Os dados da inflação compilados pelo Instituto Nacional de Estatística sugerem, entretanto, que o BNA vem falhando no cumprimento da sua missão principal. Assim, o poder de compra da moeda nacional - o Kwanza - caiu cerca de 10,6 vezes entre 31/12/2015 e 28/02/2025 e cerca de 2,8 vezes entre 31/10/2021 (ano da formalização da independência do BNA) e 28/02/2025. Isso significa que, em média, a 28/02/2025 se deveria desembolsar cerca de 1.061 kwanzas por algo que a 31/12/2015 custava apenas 100 kwanzas e cerca de 276 kwanzas por algo que a 31/12/2021 se pagava com 100 kwanzas.
Então, o uso das ora referidas taxas de juro como instrumentos de Política Monetária pelo BNA tem sido, manifestamente, ineficaz. Qual a razão disso?

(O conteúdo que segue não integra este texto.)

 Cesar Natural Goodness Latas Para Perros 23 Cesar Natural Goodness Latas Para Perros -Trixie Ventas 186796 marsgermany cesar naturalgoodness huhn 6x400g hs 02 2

A economia angolana tem problemas estruturais, dos quais se destacam a sua natureza rendeira, o seu baixo nível de diversificação (é substancialmente dependente do sector petrolífero), a existência de um "enclave do dólar no sector petrolífero" e um elevado peso da economia informal. Disso decorre que: os mercados de bens, de serviços, do trabalho, monetário, cambial, imobiliário, de capitais - entre outros - não estejam completamente estabelecidos nem suficientemente desenvolvidos e interligados; e os ciclos económicos são determinados sobretudo pela variação da renda petrolífera - conforme influenciada pela volatilidade do preço de exportação e pelo comportamento da produção - e não pelo comportamento das variáveis poupança e investimentos. Deste modo, as pressões inflacionistas emergem sobretudo da redução da renda petrolífera - com a consequente redução da oferta interna de bens de consumo pela redução das importações destes e dos bens intermédios - bem como de quedas da produção interna por factores sazonais e eventos climáticos anormais. Daí a irrelevância das Taxas de Juro reitoras do BNA como instrumento de Política Monetária, pois a sua transmissão para a economia vai de muito fraca (TJFCL e TJFAL) a nula (Taxa BNA).

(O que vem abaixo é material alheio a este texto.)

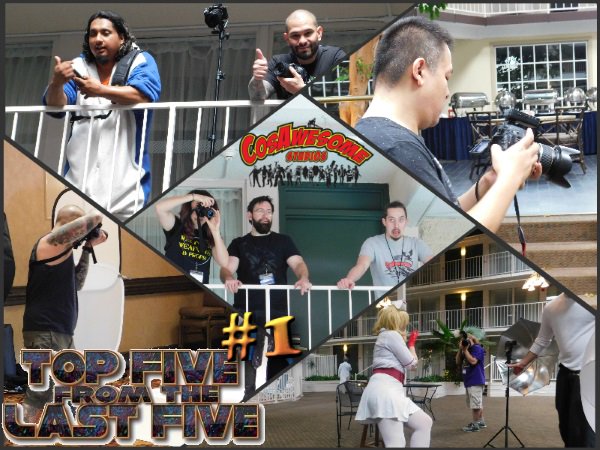 PopCultHQ's tweet photo. @CultHq's #1 Most Viewed Article of the Week: #Cosplay Photos: @cosawesome - Part 1: The Photographers #Top5Last5 https://t.co/BPgKFmpCu2 https://t.co/2f1tgIG3gS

Mas dos fluxos de entrada de divisas do sector petrolífero em si mesmo, seja na forma de renda do Tesouro Nacional ou de impostos, também têm emergido pressões inflacionistas. Assim é que, entre 1992 - quando se adoptou formalmente o sistema de economia de mercado - e 2003, Angola enfrentou o desafio da estabilização macro-económica, pois as taxas de inflação anuais rondavam entre os 3 e 4 dígitos, sobretudo por pressões decorrentes dos fluxos crescentes da renda petrolífera. Isso porque o BNA monetizava esses fluxos por contrapartida da acumulação de Reservas Cambiais, o que gerava uma contínua expansão monetária. Só a partir de 2003, com a adopção do designado "mecanismo de esterilização ex-ante", se assistiu à queda acentuada e sustentada da inflação, que viria a atingir um dígito em 2012. Com esse mecanismo, em vez da monetização dos recursos do sector petrolífero, a moeda nacional para o Tesouro Nacional era obtida por contrapartida da venda das divisas no mercado cambial aos agentes que dela demandavam legitimamente. Mas, depois de reduzida substancialmente a inflação, o BNA entendeu passar a combinar o "mecanismo de esterilização ex-ante" com o que designou "esterilização ex-post", que na verdade era uma monetização parcial.

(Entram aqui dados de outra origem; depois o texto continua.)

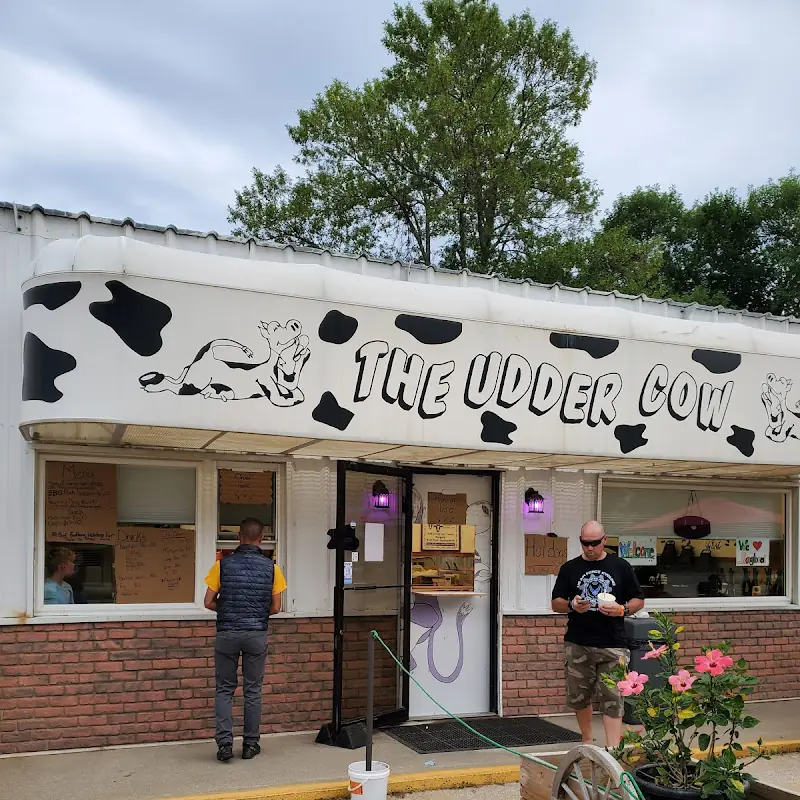 The Udder Cow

Com a crise financeira de 2014, provocada por uma queda do preço de exportação do petróleo bruto de 48,5%, o BNA passou a racionar as divisas, adoptando, a partir de 2015, um sistema, à margem da lei, de vendas directas a empresas e instituições, conforme uma lista de prioridades aprovada pelo Governo. No âmbito do programa com o FMI, em 2018, retomou o leilão de divisas que vigorava antes. Com a perspectiva de implementar um mercado cambial de facto, no qual interviria apenas nos casos requeridos para regulação, em função dos objectivos de política estabelecidos, a partir de Janeiro de 2020, o BNA iniciou um modelo de pagamento de impostos pelas companhias petrolíferas via banca comercial, que já havia sido tentado no passado, adoptando para o efeito a plataforma FXGO da Bloomberg. Deste modo, deixou de adquirir directamente as divisas das companhias petrolíferas e da Agência Nacional de Petróleo, Gás e Biocombustíveis com ou sem monetização, passando estas instituições a negociar directamente com a banca comercial. Foram autorizadas também a participar as companhias diamantíferas, o Tesouro Nacional e as companhias aéreas e de seguros. Esse procedimento previne a expansão da Base Monetária pela eventual monetização das divisas pelo BNA, mas o facto dos bancos comerciais adquirirem as divisas maioritariamente por constituição de depósitos em moeda nacional como contrapartida, em vez de ser com os fundos dos seus clientes que a demandem, acaba provocar também a expansão dos meios de pagamento, e, consequentemente, criar pressões inflacionistas.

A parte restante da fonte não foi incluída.